2. Make it very clear to employees the precise performance goals you expect them to achieve and how you will measure their success.
3. Establish systems that virtually guarantee that staff will be able to meet performance goals. Give employees the authority and autonomy to modify systems to achieve objectives.
4. Provide the necessary resources to build effective systems.
5. Build effective feedback mechanisms into your systems so that employees can measure their own performance and provide you with the information you need for business management purposes.

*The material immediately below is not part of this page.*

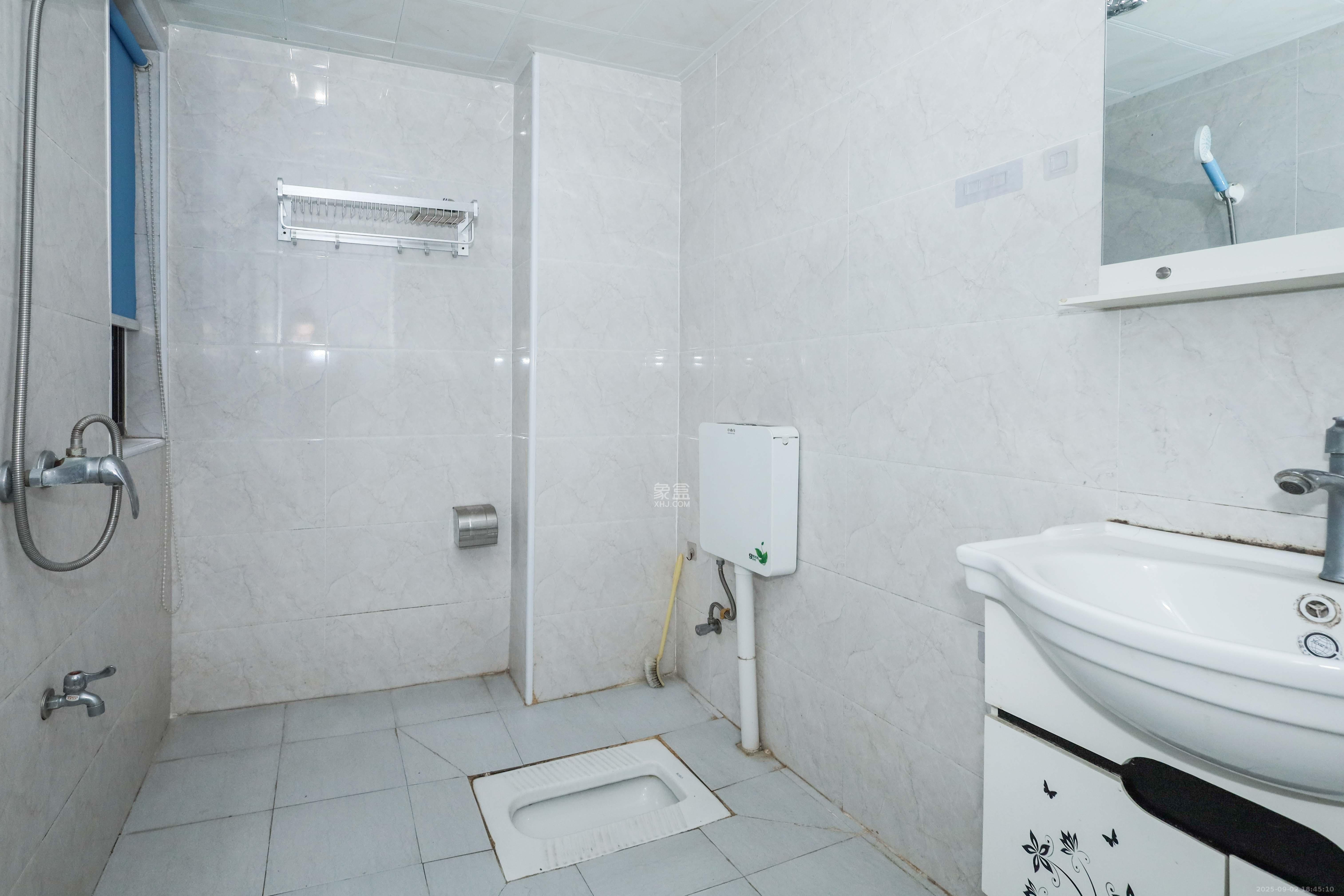 中国铁建梅溪青秀二期  4室2厅2卫    142.0万卫生间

6. Work toward an overall system that allows employees to operate the business effectively every day without your intervention, except in very unusual circumstances.
Rewards and incentives
Your reward and incentive systems cannot be effective unless they support your “Make Fors”. Tea “Make Fors” They form the basis on which to establish rewards and incentives. But without the systems, your rewards and incentives will be window dressing at best and demotivating at worst.
A client consulted me about an incentive scheme that was not giving the expected positive results. It was a generous plan. I discovered that to earn the incentive, the workers in question had to work at such a frenetic pace that
- made high demands on the cooperation of their co-workers,
- they were forced to work in conditions so uncomfortable that it was painful to stand up at the end of the shift.
I see similar problems where the same salespeople repeatedly win sales awards, largely because their territory efficiently contains loyal, supportive, and long-standing customers.
The Contribution Culture Perspective
Tea To do for The approach makes a clear link between staff motivation and business results. The purpose of having highly motivated staff is to produce better business results. This connection must be clear to both managers and staff.
This means that as a manager you have to look at your business differently.
- Your staff are effectively your business partners
- Utilizing the skills, knowledge, experience and opinions of your people will create greater business success
- If you want to fully utilize the knowledge of your staff, you must keep them fully informed.
- You need systems that encourage staff to make suggestions, offer feedback, and develop appropriate skills and systems to take them into account.
- Their job is to determine the business approach and target market, set performance targets and standards, and let staff “get on with it” on meeting targets.
- You may need to change the organizational structure and responsibilities of your business to To do for tackle the job for you
- To do for it requires an ongoing commitment to less formal management control and more personal accountability and control. It is not a temporary measure to deal with an emergency.
The Employee Perspective
when you practice To do for motivation, will create a workforce that
- Easily offer your opinions and viewpoints
- expects to share the benefits of business success
- value their role for their greatest contribution
- requires greater freedom to act autonomously and independently
- have high expectations of the performance of their co-workers
- they may need some mentoring and advice as they learn to develop.
Above all, they will be much more committed to their own effectiveness and business success. They will be “highly motivated.”
Let me remind you of what Ricardo Semler said. “As a leader my job is to motivate them to go home proud of their work.” Semler is an extraordinarily successful business manager. We must take note of what he says.